Fatima Musa al-Budeiri (or al-Budairi; فاطمة موسى البديري; 1923 – June 2009) was a Palestinian radio broadcaster and library curator. She began her radio career at the radio station Jerusalem Calling broadcasting and producing and working as a women's and literary programme assistant and news broadcaster. Al-Budeiri also worked in Germany, Syria and Jordan, where she was a librarian for the United Nations Relief and Works Agency for Palestine Refugees in the Near East and the Jordan University Library. She received recognition from the Arab Women Journalists Center.

==Early life and education==
Al-Budeiri was born in Jerusalem in 1923, to an ancient family tracing back its roots in the city itself. She was the daughter of the Sharia judge Sheikh Musa al-Budeiri, who worked in Jerusalem, and transferred his knowledge to students at the Al-Aqsa Mosque. Al-Budeiri was educated at the Teachers' College, Jerusalem, from which she graduated in 1941. She first educated in the city of Bethlehem, and then went on to teach at the Rural Teachers' House in Ramallah.

==Career==

In early 1946, Al-Budeiri joined the staff of the radio station Jerusalem Calling as a broadcaster and producer. Her father did not raise any objections to her career choice. Al-Budeiri worked as an assistant for the women's and literary programmes as well as broadcasting the news. She left the broadcaster in 1947. In 1949, Al-Budeiri relocated to Damascus, Syria, and co-founded Radio Al-Sham ("Radio Syria") with her husband. She moved back to Ramallah in 1952, and was asked to broadcast the news on a daily basis on a radio station whilst also working in the education field. Al-Budeiri subsequently relocated to East Berlin in 1957, broadcasting the news on Radio Berlin Arab on East German Radio for the following seven years.

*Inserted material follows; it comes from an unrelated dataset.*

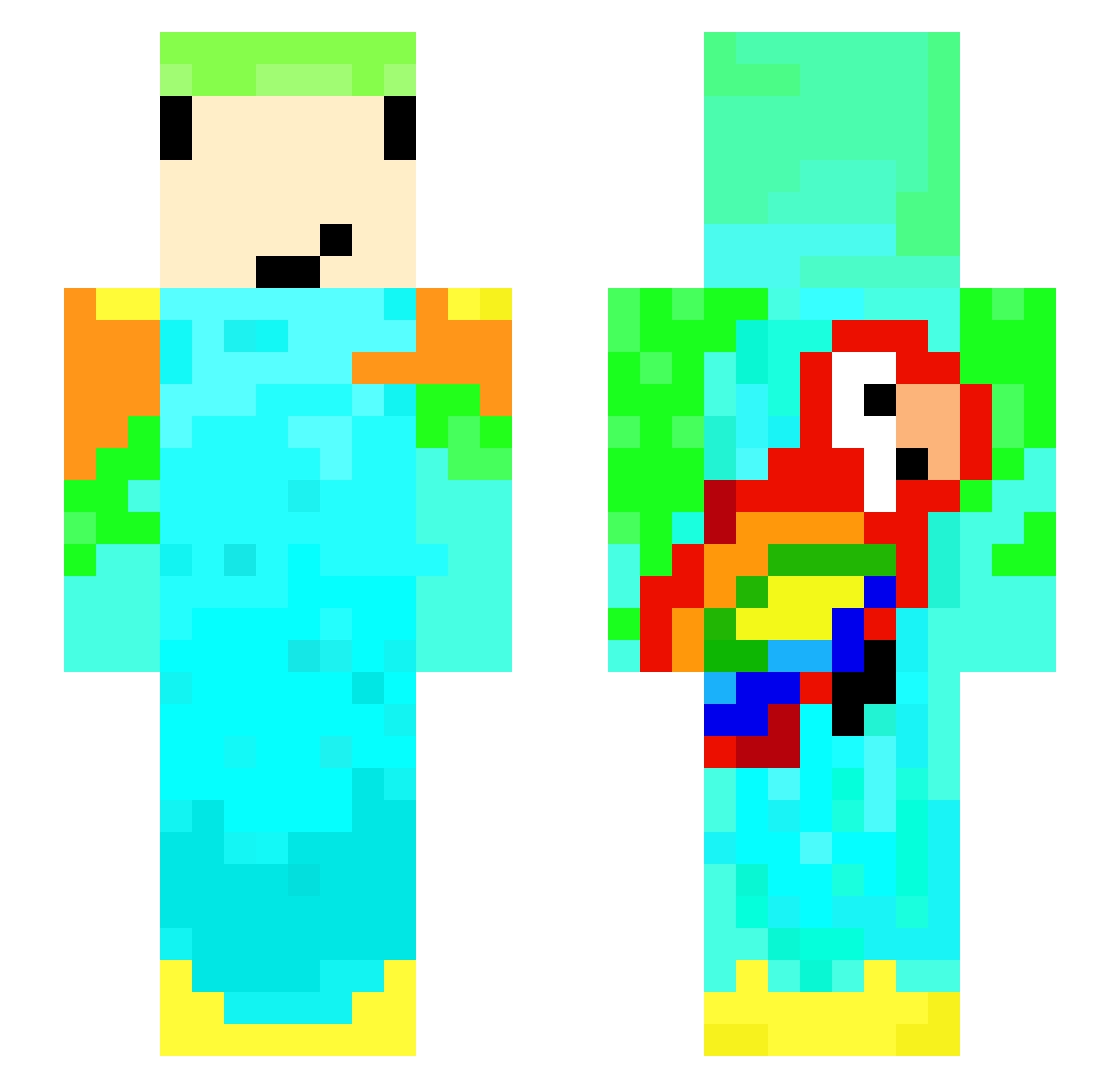 lucidflum Minecraft skin, front and back view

She returned to Ramallah in 1965 and then relocated to Amman, Jordan, two years later. Al-Budeiri served as curator of the library at the United Nations Relief and Works Agency for Palestine Refugees in the Near East between 1965 and 1971 and later for the classification department at the Jordan University Library from 1978 to 1983. She partook in several Arab and international conferences with her professional experiences subjected to multiple studies and was researched for the purposes of the role of Arab women in the media.

==Personal life==

Al-Budeiri was married to the Palestinian poet, radio broadcaster and writer Issam Hammad from 1948 to his death in 2006. Their marriage produced two children. In early July 2009, she died in Amman. Although Al-Budeiri dreamed of a burial in Jerusalem, she was instead buried in Amman.

==Legacy==
The obituarist for Al Ra'i described her as a "wonderful Jerusalemite lady". Writer Aida Najjar said Al-Budeiri had made herself to be "a broadcaster for political news to be the leader among women, and in this work and to work with men". Ad-Dustour noted she was a "pioneer of Arab radio stations, and the only female voice that competed with men's voices on the radio." Al-Budeiri was given recognition by the Arab Women Journalists Center.